The landlord of three troubled South Cobb apartment complexes is facing up to $85,000 in fines and potential jail time over what residents call “uninhabitable” conditions.
Cobb spokesperson Ross Cavitt confirmed the landlord, Kerrison Chin, had racked up 85 county citations and has a history of being uncooperative with code enforcement. A Cobb Magistrate Court hearing is scheduled for March 7.
Chin could not be reached for comment. His attorney, Carter Clayton, said he could not comment but confirmed that his client resides in Canada.
The three complexes—Kingsley Village, Parkview and Hunters Grove Apartments—are all located near Riverside Parkway, not far from Six Flags amusement part. Residents who gathered for a press conference Thursday described leaks, mold, rodents as well as broken flooring and appliances they said the management refused to replace.
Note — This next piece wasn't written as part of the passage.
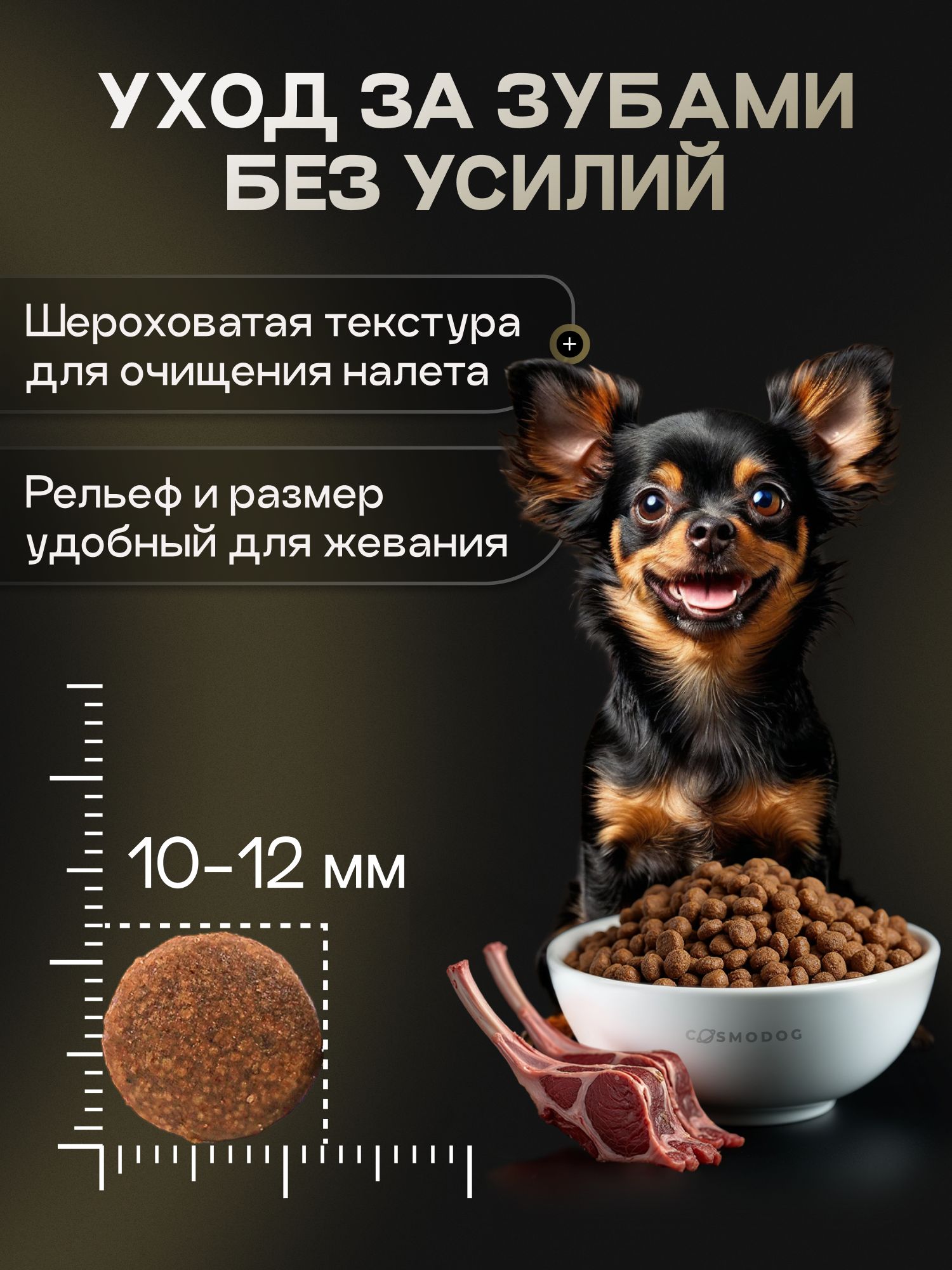 Набор кормов сухих для собак «Cosmodog» для мелких пород с ягненком 2 кг, 6 пачек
Monica DeLancy, founder of the Riverside Renters Association, an advocacy group for tenants in the community near Six Flags, and a parent resource specialist with Cobb County Schools, said the apartments kept coming up in discussions with the community about unsafe housing.
She was particularly frustrated that the magistrate court had twice rescheduled Chin’s hearing after residents made an effort to show up for it.
“The same court, when the tenants go in there for eviction, they’re only given seven days to either have the money or move out,” DeLancy said. “They’re not given continuation. They’re not given time to review their case. But code violators get a reset.”
Nandi Jackson, 25, said she is a disabled Navy veteran and a resident of Kingsley Village who pays $900 a month in rent. She said she lived without a working shower for more than a month and that her sink leaks every time she or her neighbors flush the toilet.
Jackson said the property manager has ignored a court order to move her to a better unit, and threatened her with eviction when she refused to pay rent because of the problems.
“This is depressing,” she said. “Every day I wake up I cannot believe I live here.”
Jackson said she is saving to buy a house and can’t afford to break her lease, which would cost $1,800.
Several other residents said they depend on federal assistance, which the building manager told them was paid late this year. The residents blame the partial government shutdown. Now, they are being assessed for late fees they cannot afford.
One resident, who declined to give her name because she is receiving homelessness assistance, called the building “nasty” and “uninhabitable.” She said the government agencies and non-profits that subsidize housing aren’t doing enough to pressure landlords over living conditions.
“These programs that exist are paying slumlords with no questions,” she said. “My stove hasn’t worked in a week.”